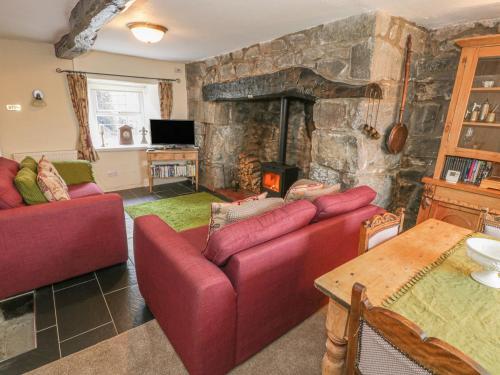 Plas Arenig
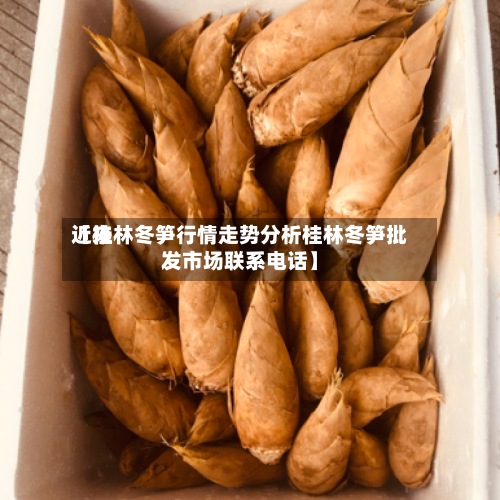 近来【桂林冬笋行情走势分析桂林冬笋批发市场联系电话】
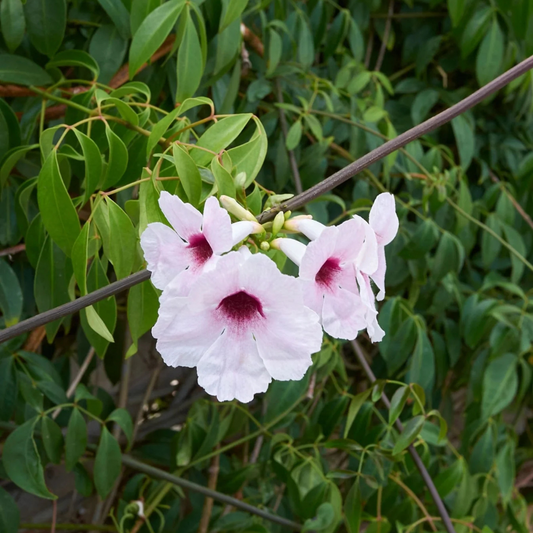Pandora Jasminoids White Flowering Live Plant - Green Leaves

_WHAT TO PRODUCE_. Could you give the listing again exactly, minus its pictures?

_ANSWER SPACE_.
 Plas Arenig
 近来【桂林冬笋行情走势分析桂林冬笋批发市场联系电话】
Pandora Jasminoids White Flowering Live Plant - Green Leaves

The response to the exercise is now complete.